Combined Phase 1 and Phase 2 — fourteen routines, spec plus body, no manual intervention — 5,337 obligations, 188 unproved, 96.5% aggregate.

The Quaternion result (85.3%) is the lowest in either set — chains of multiplications, an in-place normalise, and a control-flow split on the zero-length guard. That gap is honestly the shape of what closure work looks like at the routine level. We discuss the route to closing that gap below.

What this means

In practice.

The closure path

From 98.5% to 100% — honest about what's left.

A close reader will notice the OWI baseline is at --level=1 discharge. The published aerospace SPARK case studies typically sit in the 95–99% band at --level=2 with formal-methods engineers manually closing the residuals over weeks or months per module via lemmas, ghost code, refinements and Loop_Invariant tightening.

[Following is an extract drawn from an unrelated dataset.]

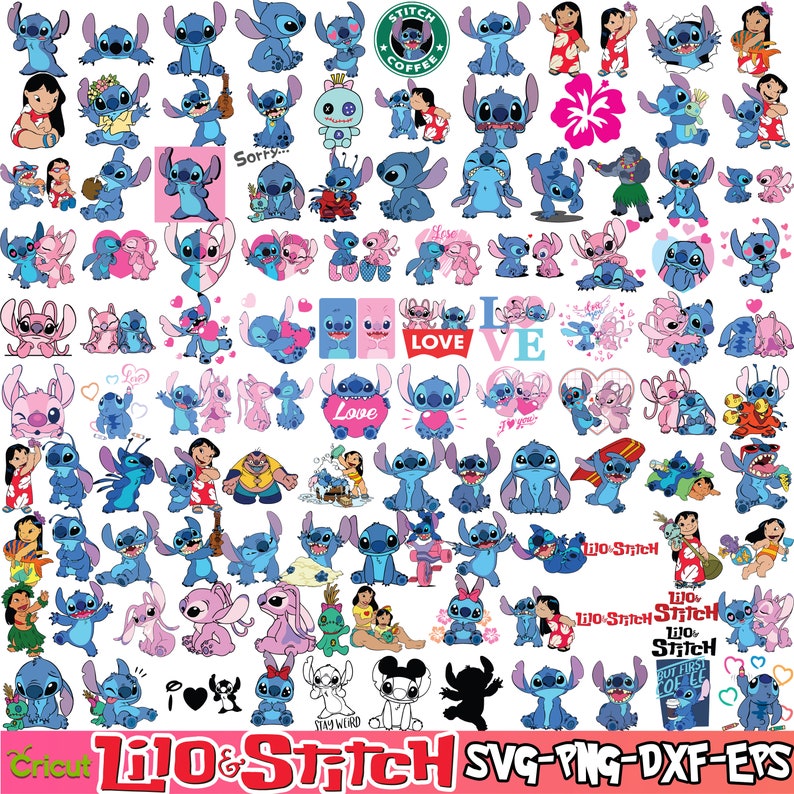 Plus de 440 fichiers groupés Lilo et Stitch Clipart, Cricut, silhouette, fichiers vectoriels coupés lilo et stitch clipart png Plus de 110 modèles uniques image 1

We have deliberately not yet done that manual closure work. The OWI is a baseline — what AI-emission plus production discipline produces on day one, no human in the loop. The remaining 1–5% per routine is the part of the engineering investment that takes formal-methods specialists, and that work is industrial in shape rather than something one small company can credibly push on its own.

Closure typically needs three roles in the room: the emission company (our role), a proof-engineering team carrying deep gnatprove / --level=4 and manual-closure expertise, and a customer-side certification driver whose deployment safety case makes the closure work commercially load-bearing.

We do not yet have either of those collaborators. Our only formal relationship today is the downstream-customer one with Anthropic described below. We have views on the obvious candidates and we are actively seeking the conversations that would let us scope the work properly — but until those conversations are real we will not name them here.

Relationship

A note on Anthropic.

The Dark Factory is an independent company; our relationship with Anthropic is that of a customer running their models inside our stack. We have applied to NVIDIA Inception in parallel, and we intend to support running the factory against locally-hosted models where the customer requires air-gapped operation. Claude is, for now, the best engine available; the production discipline around it is what we build.

Last measured 2026-05-23. Methodology and current canary numbers are re-run monthly and on every new frontier-model release. Page drafted with AI assistance and reviewed by The Dark Factory Ltd.